Credit facilities are not controversial when used for their original purpose: allowing general partners to deploy capital rapidly and efficiently rather than waiting for LPs to respond to capital calls. It is only when these facilities are used for longer periods of time – with a resulting effect on internal rates of return – that they become an issue. “That to me is a massive problem,” said Brady Hyde, former portfolio manager of private equity investments at UPS Group Trust. “We wouldn’t invest with the manager.”
The use of a facility does boost IRR to a certain extent. A model by private equity advisor TorreyCove shows that if a $100 million fund uses 100 percent debt financing for the first two years, and realises $200 million at the end of year six, the credit line offers an IRR boost of 300 basis points and negatively affects MOIC by 0.12 turns, compared with not using any facility. These findings underscore the need for greater transparency, such as reporting net IRR both with and without the credit line.
LPs are divided on the issue.

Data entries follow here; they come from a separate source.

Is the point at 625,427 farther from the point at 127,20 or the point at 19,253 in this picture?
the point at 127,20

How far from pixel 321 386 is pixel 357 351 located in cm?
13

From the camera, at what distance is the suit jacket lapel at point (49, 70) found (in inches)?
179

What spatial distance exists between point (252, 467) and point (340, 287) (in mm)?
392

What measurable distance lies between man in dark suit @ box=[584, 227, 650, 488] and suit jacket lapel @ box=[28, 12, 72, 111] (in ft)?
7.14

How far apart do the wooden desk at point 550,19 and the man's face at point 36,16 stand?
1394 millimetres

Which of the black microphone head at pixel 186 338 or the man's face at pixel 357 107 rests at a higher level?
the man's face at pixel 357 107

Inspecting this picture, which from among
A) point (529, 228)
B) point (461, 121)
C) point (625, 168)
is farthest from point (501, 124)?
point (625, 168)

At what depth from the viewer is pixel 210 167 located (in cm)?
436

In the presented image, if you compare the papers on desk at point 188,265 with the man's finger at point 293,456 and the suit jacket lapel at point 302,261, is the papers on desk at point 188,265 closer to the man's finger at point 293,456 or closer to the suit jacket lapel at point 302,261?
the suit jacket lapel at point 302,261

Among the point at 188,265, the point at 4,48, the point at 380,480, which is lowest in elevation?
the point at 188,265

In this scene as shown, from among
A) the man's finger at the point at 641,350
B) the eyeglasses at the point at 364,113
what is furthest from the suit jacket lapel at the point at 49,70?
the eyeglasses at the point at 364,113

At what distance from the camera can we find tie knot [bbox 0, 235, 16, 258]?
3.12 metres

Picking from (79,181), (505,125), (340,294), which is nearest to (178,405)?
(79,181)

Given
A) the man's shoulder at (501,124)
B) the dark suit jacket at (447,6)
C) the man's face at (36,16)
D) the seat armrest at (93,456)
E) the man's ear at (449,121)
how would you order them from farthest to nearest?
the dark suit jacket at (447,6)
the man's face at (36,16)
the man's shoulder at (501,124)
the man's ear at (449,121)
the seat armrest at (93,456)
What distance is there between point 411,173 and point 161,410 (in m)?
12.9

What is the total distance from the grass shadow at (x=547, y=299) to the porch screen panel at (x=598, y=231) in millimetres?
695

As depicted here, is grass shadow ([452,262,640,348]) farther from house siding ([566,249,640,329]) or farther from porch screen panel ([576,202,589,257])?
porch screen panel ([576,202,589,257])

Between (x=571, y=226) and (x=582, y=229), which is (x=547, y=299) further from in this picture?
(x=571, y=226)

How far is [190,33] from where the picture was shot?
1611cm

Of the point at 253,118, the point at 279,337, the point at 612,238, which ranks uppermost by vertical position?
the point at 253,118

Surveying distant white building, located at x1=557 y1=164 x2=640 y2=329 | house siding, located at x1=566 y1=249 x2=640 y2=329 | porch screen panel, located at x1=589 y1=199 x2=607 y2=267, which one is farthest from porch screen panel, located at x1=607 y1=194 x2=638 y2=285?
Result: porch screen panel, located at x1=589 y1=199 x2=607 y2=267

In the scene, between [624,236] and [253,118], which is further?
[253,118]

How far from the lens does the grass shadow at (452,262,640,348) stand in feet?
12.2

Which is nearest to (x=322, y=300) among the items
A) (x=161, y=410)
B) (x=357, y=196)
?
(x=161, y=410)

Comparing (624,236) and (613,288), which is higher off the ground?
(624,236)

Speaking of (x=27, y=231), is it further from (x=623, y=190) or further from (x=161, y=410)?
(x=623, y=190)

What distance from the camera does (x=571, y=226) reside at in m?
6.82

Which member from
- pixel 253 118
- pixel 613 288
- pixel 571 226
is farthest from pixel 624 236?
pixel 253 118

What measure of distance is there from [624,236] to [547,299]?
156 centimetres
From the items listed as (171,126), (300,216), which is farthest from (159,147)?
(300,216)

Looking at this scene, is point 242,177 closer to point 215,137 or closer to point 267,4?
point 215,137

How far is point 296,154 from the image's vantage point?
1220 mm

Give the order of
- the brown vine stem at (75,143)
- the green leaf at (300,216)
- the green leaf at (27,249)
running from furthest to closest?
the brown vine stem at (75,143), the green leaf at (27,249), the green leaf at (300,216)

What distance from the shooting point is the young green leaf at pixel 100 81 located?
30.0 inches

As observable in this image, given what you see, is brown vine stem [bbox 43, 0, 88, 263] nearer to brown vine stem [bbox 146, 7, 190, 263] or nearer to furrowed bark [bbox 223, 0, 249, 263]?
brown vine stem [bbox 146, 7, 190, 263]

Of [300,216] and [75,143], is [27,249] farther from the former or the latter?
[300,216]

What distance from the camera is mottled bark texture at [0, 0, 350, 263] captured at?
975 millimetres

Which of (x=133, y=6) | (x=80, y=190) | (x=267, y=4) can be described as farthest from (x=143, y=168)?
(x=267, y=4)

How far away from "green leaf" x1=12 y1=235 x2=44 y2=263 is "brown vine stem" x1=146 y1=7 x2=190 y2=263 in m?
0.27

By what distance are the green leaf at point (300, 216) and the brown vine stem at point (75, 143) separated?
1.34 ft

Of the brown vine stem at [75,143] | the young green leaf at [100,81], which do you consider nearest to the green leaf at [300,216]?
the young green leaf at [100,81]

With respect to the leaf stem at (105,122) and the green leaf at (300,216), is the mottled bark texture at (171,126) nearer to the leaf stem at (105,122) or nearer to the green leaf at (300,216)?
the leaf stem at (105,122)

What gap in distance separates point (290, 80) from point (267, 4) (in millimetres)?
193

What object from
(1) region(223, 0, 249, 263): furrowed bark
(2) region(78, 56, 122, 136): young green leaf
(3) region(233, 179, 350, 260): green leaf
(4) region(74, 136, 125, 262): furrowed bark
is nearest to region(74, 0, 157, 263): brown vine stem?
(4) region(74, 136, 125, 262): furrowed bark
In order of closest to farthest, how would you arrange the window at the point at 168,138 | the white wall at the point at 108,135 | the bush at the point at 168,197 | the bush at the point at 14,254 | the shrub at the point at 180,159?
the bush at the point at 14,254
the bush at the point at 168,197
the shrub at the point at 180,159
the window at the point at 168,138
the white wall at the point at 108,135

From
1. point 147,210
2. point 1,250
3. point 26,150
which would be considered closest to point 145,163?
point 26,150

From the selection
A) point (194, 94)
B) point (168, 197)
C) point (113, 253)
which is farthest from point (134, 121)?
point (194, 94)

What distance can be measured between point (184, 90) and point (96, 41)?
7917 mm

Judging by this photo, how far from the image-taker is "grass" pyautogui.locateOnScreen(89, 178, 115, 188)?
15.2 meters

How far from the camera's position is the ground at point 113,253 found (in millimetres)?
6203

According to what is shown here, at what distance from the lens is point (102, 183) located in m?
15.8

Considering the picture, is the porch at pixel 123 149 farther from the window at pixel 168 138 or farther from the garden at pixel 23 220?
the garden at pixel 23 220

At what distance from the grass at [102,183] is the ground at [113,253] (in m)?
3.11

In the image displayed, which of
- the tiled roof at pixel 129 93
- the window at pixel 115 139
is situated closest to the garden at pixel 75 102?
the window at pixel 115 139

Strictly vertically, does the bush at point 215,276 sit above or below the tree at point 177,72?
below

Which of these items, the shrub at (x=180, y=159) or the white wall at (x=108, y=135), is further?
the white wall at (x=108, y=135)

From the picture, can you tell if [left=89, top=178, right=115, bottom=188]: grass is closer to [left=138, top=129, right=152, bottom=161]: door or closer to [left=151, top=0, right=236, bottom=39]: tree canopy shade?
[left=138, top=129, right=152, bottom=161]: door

Those that favour IRR as a metric – either for the sake of their own personal compensation or for the sake of comparing private equity with other asset classes – are more in favour than those that focus on multiple of invested capital.

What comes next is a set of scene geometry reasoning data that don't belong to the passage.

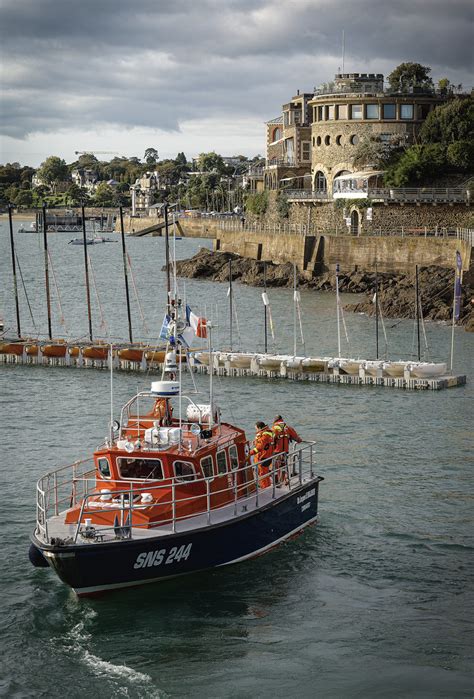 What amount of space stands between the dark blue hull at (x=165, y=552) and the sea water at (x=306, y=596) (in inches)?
17.0

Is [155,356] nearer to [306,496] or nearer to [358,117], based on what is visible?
[306,496]

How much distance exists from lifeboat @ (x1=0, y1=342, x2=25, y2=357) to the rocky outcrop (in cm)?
2298

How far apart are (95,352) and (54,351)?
216 cm

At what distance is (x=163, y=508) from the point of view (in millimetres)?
21469

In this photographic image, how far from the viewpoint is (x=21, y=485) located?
97.3ft

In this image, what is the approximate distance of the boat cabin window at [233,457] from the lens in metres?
23.4

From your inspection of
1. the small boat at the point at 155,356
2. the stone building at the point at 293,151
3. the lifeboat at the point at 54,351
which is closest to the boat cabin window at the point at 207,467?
→ the small boat at the point at 155,356

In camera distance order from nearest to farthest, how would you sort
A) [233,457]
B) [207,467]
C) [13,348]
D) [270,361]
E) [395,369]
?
[207,467], [233,457], [395,369], [270,361], [13,348]

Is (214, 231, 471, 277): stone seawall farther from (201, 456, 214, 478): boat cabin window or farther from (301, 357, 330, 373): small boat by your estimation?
(201, 456, 214, 478): boat cabin window

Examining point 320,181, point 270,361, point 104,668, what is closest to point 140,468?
point 104,668

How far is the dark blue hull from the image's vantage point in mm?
20156

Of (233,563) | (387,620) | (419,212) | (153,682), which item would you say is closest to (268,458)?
(233,563)

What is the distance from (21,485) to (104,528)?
32.9 feet

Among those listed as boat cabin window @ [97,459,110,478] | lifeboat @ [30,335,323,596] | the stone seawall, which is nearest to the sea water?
lifeboat @ [30,335,323,596] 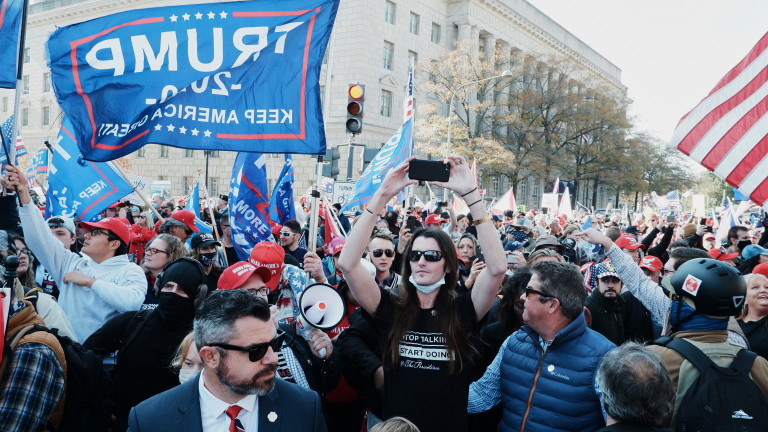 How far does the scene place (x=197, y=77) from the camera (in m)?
4.64

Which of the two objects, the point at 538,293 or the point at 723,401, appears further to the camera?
the point at 538,293

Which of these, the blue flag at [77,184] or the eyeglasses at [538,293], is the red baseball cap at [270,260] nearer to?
the eyeglasses at [538,293]

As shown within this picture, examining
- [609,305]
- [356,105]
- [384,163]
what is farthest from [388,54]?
[609,305]

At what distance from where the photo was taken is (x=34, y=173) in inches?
521

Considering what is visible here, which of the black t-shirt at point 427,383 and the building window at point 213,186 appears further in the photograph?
the building window at point 213,186

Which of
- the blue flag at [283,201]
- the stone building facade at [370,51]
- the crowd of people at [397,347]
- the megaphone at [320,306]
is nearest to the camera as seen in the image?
the crowd of people at [397,347]

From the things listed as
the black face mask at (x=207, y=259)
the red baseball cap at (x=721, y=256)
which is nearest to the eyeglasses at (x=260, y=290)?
the black face mask at (x=207, y=259)

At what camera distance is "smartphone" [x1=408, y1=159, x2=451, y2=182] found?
3.16 m

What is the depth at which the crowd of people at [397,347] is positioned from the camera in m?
2.37

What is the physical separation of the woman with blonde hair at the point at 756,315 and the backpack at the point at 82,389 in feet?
13.6

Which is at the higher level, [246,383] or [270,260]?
[270,260]

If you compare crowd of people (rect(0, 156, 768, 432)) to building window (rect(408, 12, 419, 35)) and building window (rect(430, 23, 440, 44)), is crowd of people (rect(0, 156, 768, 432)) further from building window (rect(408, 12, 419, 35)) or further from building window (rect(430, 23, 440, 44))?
building window (rect(430, 23, 440, 44))

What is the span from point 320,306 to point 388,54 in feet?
135

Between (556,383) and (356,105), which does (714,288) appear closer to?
(556,383)
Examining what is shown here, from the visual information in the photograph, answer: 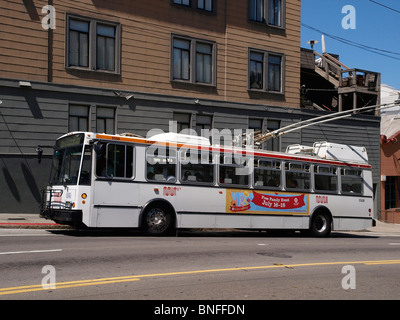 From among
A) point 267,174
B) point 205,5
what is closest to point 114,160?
point 267,174

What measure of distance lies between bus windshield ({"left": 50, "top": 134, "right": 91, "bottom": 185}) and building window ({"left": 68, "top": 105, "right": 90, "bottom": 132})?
6.14m

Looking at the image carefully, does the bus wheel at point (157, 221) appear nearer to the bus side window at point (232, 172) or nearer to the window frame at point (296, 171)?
the bus side window at point (232, 172)

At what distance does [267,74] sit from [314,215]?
10349mm

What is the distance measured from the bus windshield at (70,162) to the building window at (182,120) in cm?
946

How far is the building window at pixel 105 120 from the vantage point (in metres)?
22.6

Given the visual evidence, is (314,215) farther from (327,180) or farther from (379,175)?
(379,175)

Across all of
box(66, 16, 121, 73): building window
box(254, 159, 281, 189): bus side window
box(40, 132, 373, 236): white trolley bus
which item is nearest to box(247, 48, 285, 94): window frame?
box(40, 132, 373, 236): white trolley bus

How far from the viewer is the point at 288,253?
13000 millimetres

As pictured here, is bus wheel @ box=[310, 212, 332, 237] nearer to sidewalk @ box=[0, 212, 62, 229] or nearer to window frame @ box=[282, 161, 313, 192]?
window frame @ box=[282, 161, 313, 192]

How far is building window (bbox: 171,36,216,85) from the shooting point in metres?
24.8

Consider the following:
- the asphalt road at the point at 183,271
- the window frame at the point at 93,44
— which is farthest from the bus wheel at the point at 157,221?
the window frame at the point at 93,44

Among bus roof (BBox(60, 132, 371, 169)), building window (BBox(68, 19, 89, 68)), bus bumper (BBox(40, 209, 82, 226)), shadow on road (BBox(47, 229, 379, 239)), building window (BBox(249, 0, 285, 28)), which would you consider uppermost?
building window (BBox(249, 0, 285, 28))

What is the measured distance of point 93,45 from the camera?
22.3 meters

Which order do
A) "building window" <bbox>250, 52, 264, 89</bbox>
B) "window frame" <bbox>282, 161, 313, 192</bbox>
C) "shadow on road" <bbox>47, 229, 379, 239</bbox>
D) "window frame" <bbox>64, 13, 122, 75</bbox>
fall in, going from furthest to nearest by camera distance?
1. "building window" <bbox>250, 52, 264, 89</bbox>
2. "window frame" <bbox>64, 13, 122, 75</bbox>
3. "window frame" <bbox>282, 161, 313, 192</bbox>
4. "shadow on road" <bbox>47, 229, 379, 239</bbox> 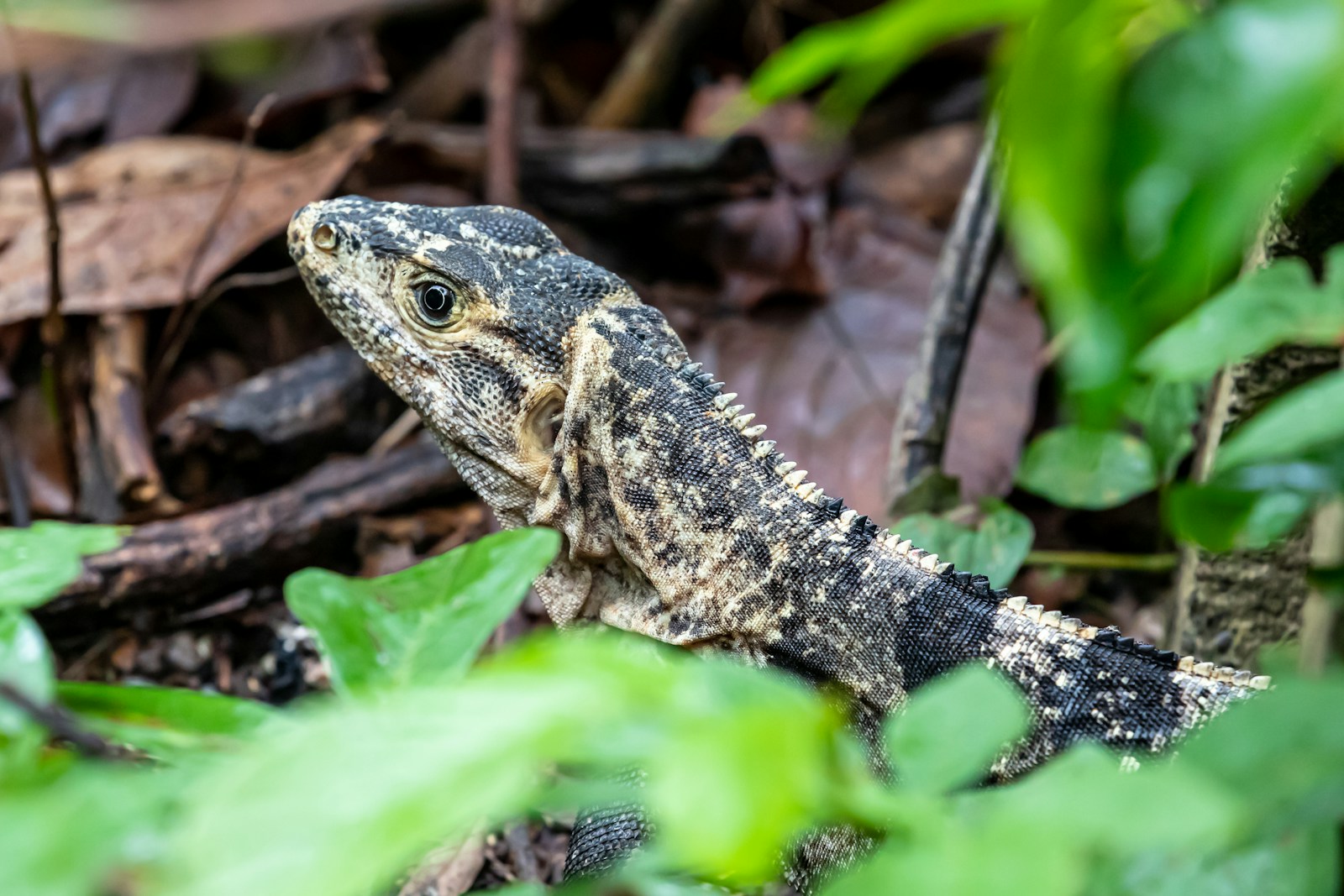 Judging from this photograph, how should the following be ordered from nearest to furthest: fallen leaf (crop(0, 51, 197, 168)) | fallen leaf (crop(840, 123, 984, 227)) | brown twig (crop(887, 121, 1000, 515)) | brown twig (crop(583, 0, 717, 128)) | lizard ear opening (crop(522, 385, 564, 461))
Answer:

The Institutional Limited Partners Association issued a nine-point guidance on the use of these lines in June, which recommends partnership agreements “delineate reasonable thresholds for their use”, including setting a maximum of 180 days outstanding. However, the organisation is said to be in the process of revising these guidelines after industry feedback, so this could change.
There are tax consequences for tax-exempt LPs. If a fund purchases an asset with a credit line, the income from it may make a tax-exempt investor taxable. However, there are ways for fund managers to mitigate this.
It’s difficult to get a sense of the scale of their use, but Jeff Johnston, chairman of the Fund Finance Association, tells as that “virtually every one” of the firms in the top 100 of the PEI 300 uses a subscription line.
Subscription lines may put a block on attempted transfers of LP interests – something many LPs may not be aware of until they attempt to implement one. As the security for the facility is the LPs’ uncalled capital commitments, some facilities contain covenants that place limitations on LP transfers.
There are some strategies and asset classes for which subscription lines make more sense. For example, Johnston says the longest, deepest penetration has been in the real estate sector. The use of these lines arguably makes the most sense for secondaries funds, as the nature of the strategy means they could get calls from hundreds of different LP interests they own to fund capital commitments at any moment, one banker told us. As those calls can happen on a near-daily basis, a secondaries fund would have to sit on a large cash reserve, which would drag down returns.
The risk of default is “minute”, one LP told Private Equity International, based on the credit-worthiness of the limited partners, the size of the facility – typically around a fifth of the total fund size – and repayment term, typically a year.
LPs may be tempted to add leverage to their portfolios. If capital that should have been drawn down is left on investor’s balance sheets, “it means we will be underweight [against] our target and have to make a decision as to where we put that money”, according to Prudential Portfolio Management Group’s alternatives head Michael Howard. “If you redeploy it elsewhere then your programme is levered.”